Dirinya menjelaskan, ada beberapa cara dalam rangka memandirikan upaya kesehatan, diantaranya: Pertama, 90 % penerimaan negara dari cukai rokok mencapai 149,9 trilyun atau setara dengan 10 % target pendapatan pajak 2017.
“Jika ini digunakan 10 % saja untuk subsidi pelayanan kesehatan, maka hambatan pembiayaan dalam pemberian layanan kesehatan minimal dapat teratasi,” jelasnya.
Kedua, Masih banyak peserta BPJS Ketenagakerjaan yang belum menjadi anggota BPJS Kesehatan.
“Jika ada komunikasi dan kerjasama yang baik antara BPJS Ketenagakerjaan dengan BPJS Kesehatan, maka dana jaminan kesehatan nasional melalui BPJS Kesehatan juga dapat ditingkatkan,” katanya.
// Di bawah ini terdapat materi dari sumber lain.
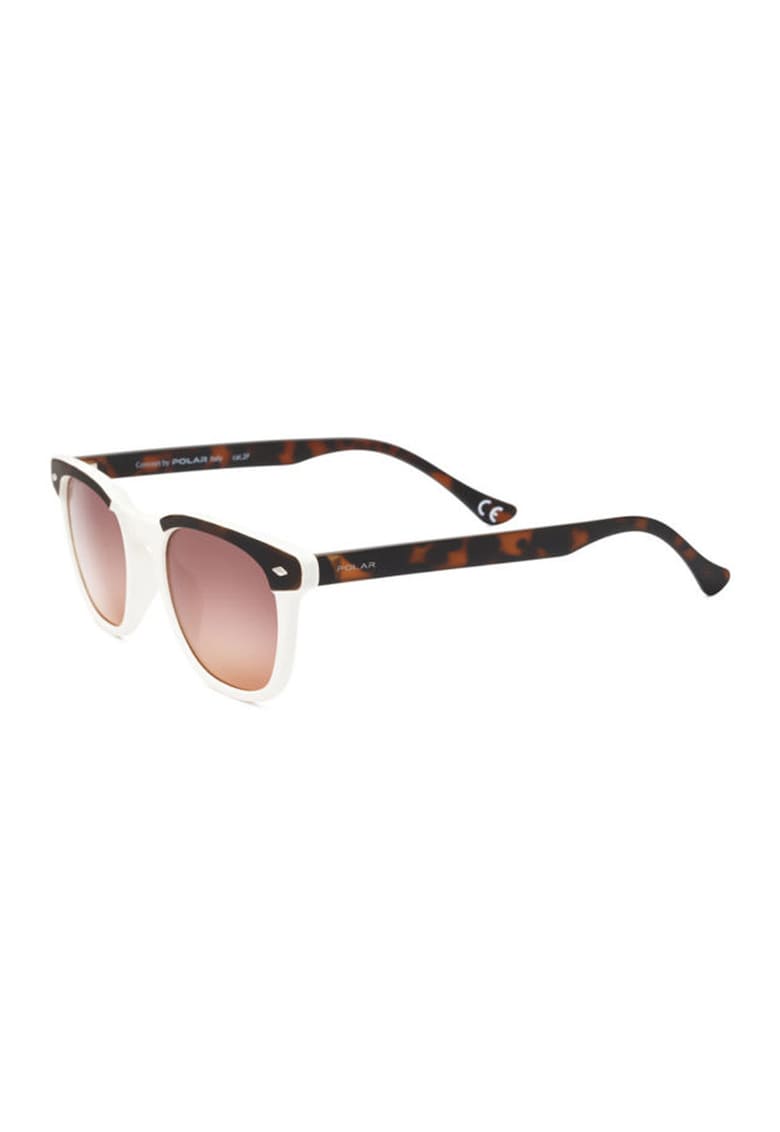 Ochelari de soare clubmaster cu lentile polarizate - Alb/Maro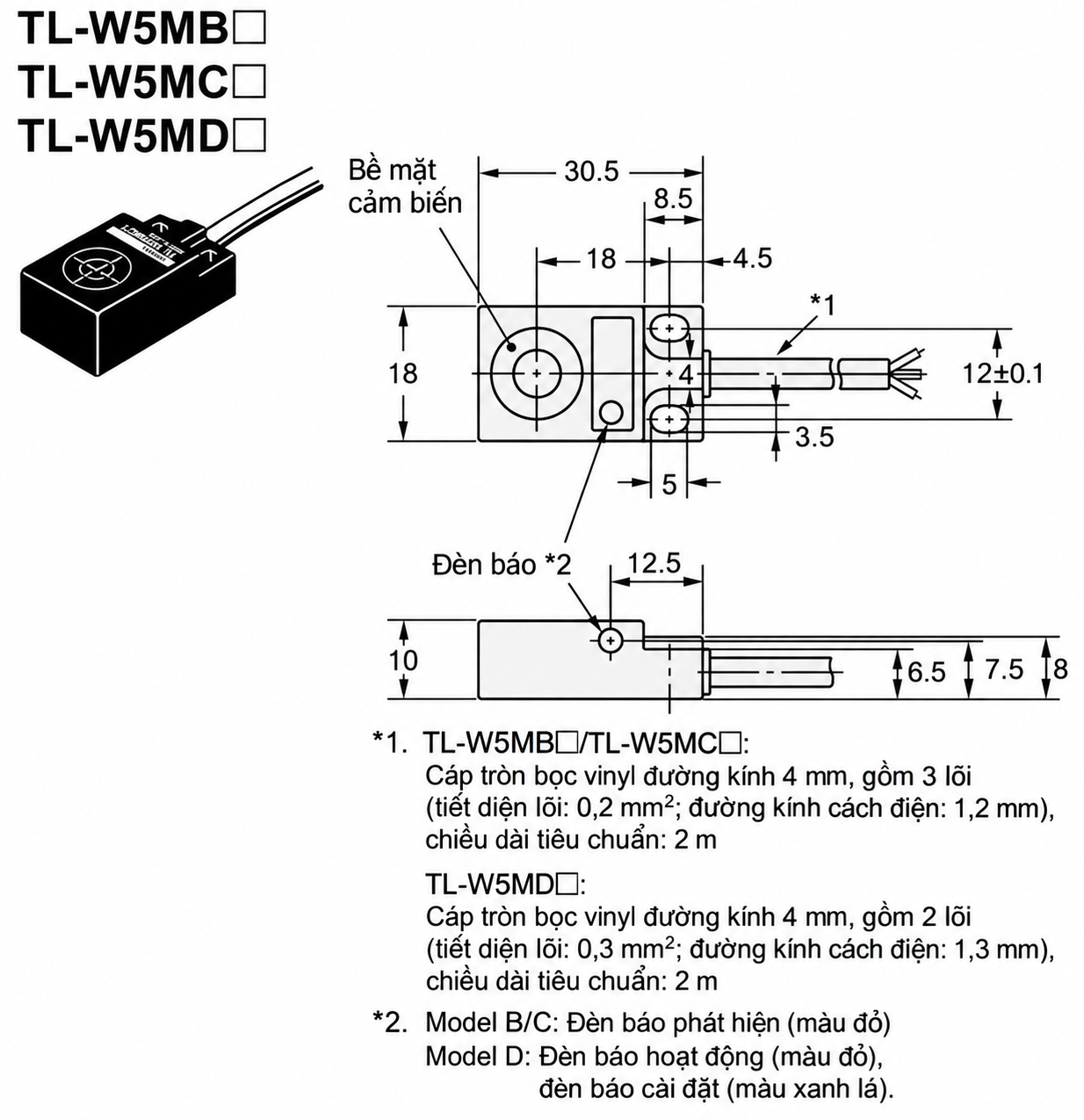 Bản vẽ kích thước cảm biến tiệm cận Omron TL-W5MC2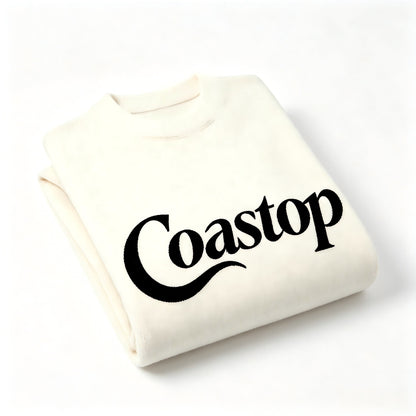Coastop Off-White Crewneck Knit Sweater, Unisex Letter Print Loose Pullover, Casual Warm Top for Fall Winter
Ketiga, cara lain dalam memandirikan upaya upaya kesehatan adalah perlunya pengalokasian anggaran yang semakin mendukung kegiatan promotif dan preventif kesehatan mengingat semua pandemi yang pernah terjadi selesai karena intervensi kesehatan masyarakat (public health intervention).
“Pandemi selesai dengan pengetesan, pelacakan, isolasi, karantina, dan perawatan. Karenanya, masyarakat harus tetap waspada dengan membiasakan melakukan kombinasi 3T (testing, tracing, dan treatment) serta 3M (memakai masker, menjaga jarak dan mencuci tangan),” jelasnya.
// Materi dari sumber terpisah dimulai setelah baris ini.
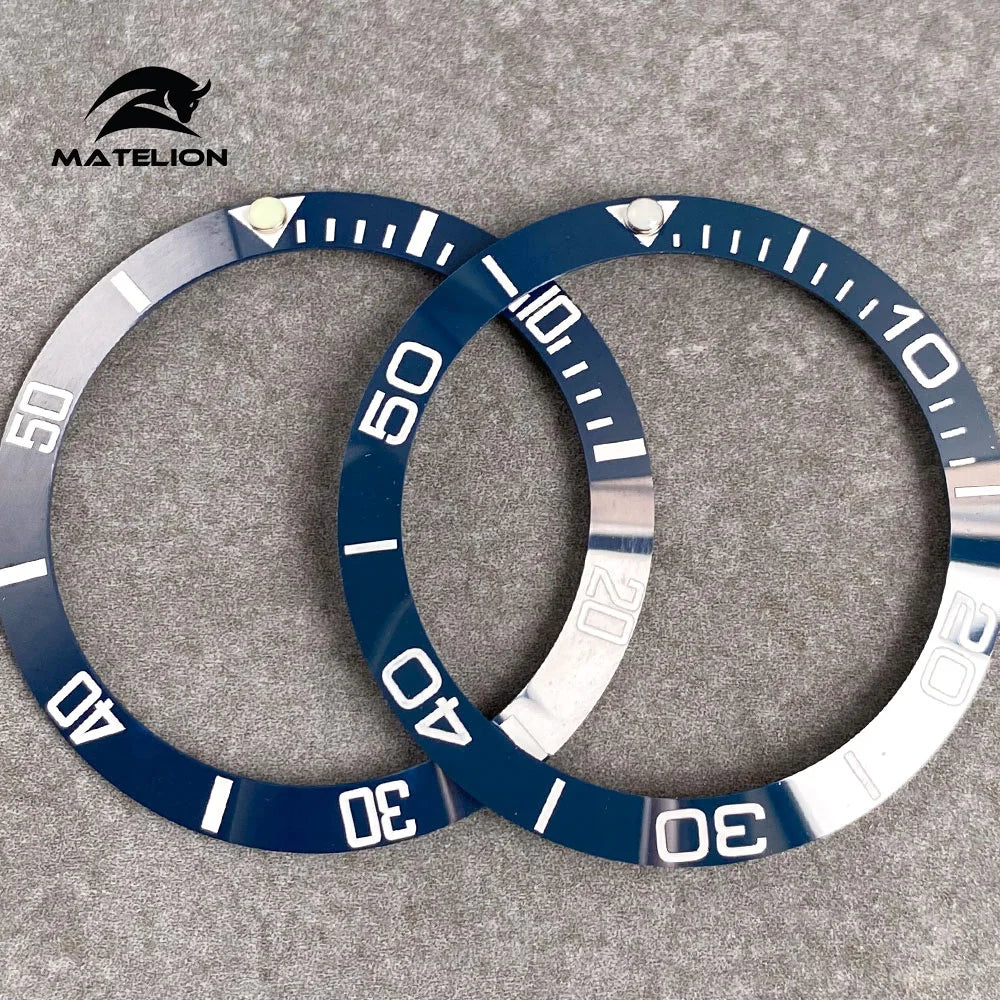 MATELION 38mm Ceramic Bezel Insert — Alloy Watch Ring for 40mm NH35/NH34 GMT Diving Watches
Selain itu, lanjut Prof Darmawansyah perlu didukung dengan kebijakan Pembatasan Sektor Berskala Besar (PSBB) yang ketat untuk mencegah mobilitas yang menjadi faktor penyebaran COVID-19 serta meningkatkan budaya hidup sehat agar beban pembiayaan kesehatan kuratif berkurang.
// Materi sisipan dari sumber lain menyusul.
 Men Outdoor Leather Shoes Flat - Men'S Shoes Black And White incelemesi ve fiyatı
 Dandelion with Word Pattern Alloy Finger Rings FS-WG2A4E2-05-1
Cara selanjutnya, perlu dilakukan sebuah reformasi, reorientasi, dan revitalisasi Sistem Kesehatan Nasional (SKN) untuk meminimalisir dampak Pandemi Covid 19, terutama dalam hal perubahan subsistem upaya kesehatan dan pembiayaan kesehatan.
“Reformasi sistem kesehatan nasional sangat berdampak positif pada kebijakan pembiayaan kesehatan dalam menjamin terselenggaranya kecukupan (adequacy), pemerataan (equity), efisiensi (efficiency) dan efektifitas (effectiveness) dari pembiayaan kesehatan di tengah pendemi Covid 19,” paparnya.
Realokasi anggaran untuk pembinaan kesehatan masyarakat serta pencegahan dan pengendalian penyakit perlu diprioritaskan.
“Pembiayaan kesehatan yang kuat, stabil dan berkesinambungan sangat diperlukan guna mencapai tujuan penting pembangunan kesehatan yakni pemerataan dalam pelayanan kesehatan dan akses (equitable access to health care) serta pelayanan yang berkualitas (assured quality),” pungkasnya.
Prof Darmawansyah sendiri berdarah keturunan Soppeng, Sulsel. Merupakan anak dari Djohansyah, Pensiunan Sekretaris Kanwil Departemen Pendidikan dan Kebudayaan Provinsi NTB. Sementara nama ibunya adalah St. Aisyah.